In vorliegendem Beitrag geht es darum, Gegenstand und Perspektive der Soziologie im engeren Sinne wieder zu finden: im Geiste von Emile Durkheim und Georg Simmel, angehaucht auch von Niklas Luhmann, aber diese nicht rezipierend, sondern eher - in den sozialen Verhältnissen von heute - wieder entdeckend. Ich greife dazu auf Gedanken der Gründerväter zurück, weniger auf deren Begriffe, und entwickle so das Konzept der elementaren sozialen Prozesse. Mit deren Hilfe versuche ich, die Erkenntnisse, ja die Gesetze der Soziologie zu begreifen und von denen der Kultur- und Bildungswissenschaften zu unterscheiden.

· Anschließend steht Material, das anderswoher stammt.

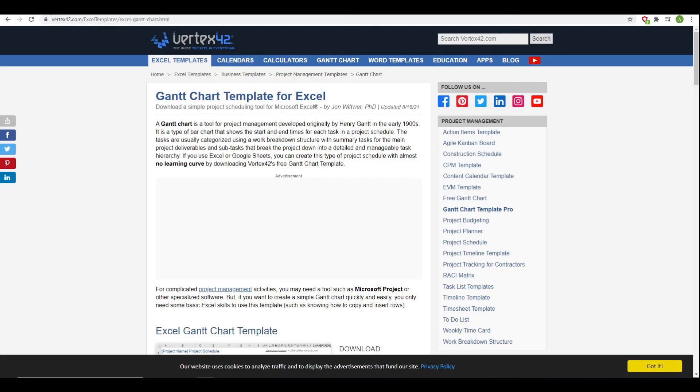If you really just want the template there is a website where you can go and download it. That's all I've got to say about the thing, I think it's awesome, and thanks for listening and watching. See ya!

Zwischen Bildung, Kultur und den elementaren Sozialprozessen sehe ich ein Machtverhältnis, wobei ich die elementaren sozialen Prozesse für mächtiger halte als Bildungsanstrengungen und kulturelle Gegebenheiten. Alle politischen Gestaltungsversuche und alle kulturellen Wandlungen müssen "durch diese Sozialprozesse hindurch" und stoßen dabei an ihre Grenzen. Die elementaren sozialen Prozesse stellen eine Macht dar: hinter Politik, Bildung und Kultur. Diese Macht des Sozialen aufzuzeigen, betrachte ich als die Aufgabe der Soziologie. Wenn sie, als Wissenschaft, auch eine politische Funktion hat, dann jene, die relative Ohnmacht politologischer und kulturologischer Argumente zu erhellen und ihnen damit etwas von ihrem Relevanzanspruch zu nehmen.

In Bezug auf das Beitrittsbegehren der Türkei zur Europäischen Union, das hier als Beispiel dienen soll, heißt das: Es mag so oder so entschieden werden. In jedem Falle sorgen die elementaren sozialen Prozesse aber dafür, dass auch das Gegenläufige geschieht. Die nicht intendierten Folgen der einen oder der anderen Entscheidung liegen also nicht so weit auseinander, wie wir in unserer Aufregung als Handelnde und Mitentscheidende glauben. Lapidar formuliert: Es ist im Grunde gleichgültig, wie die politische Entscheidung ausfällt; in den elementaren sozialen Prozessen entscheidet sich das soziale Leben ohnehin noch einmal anders, als wir Handelnde entscheiden.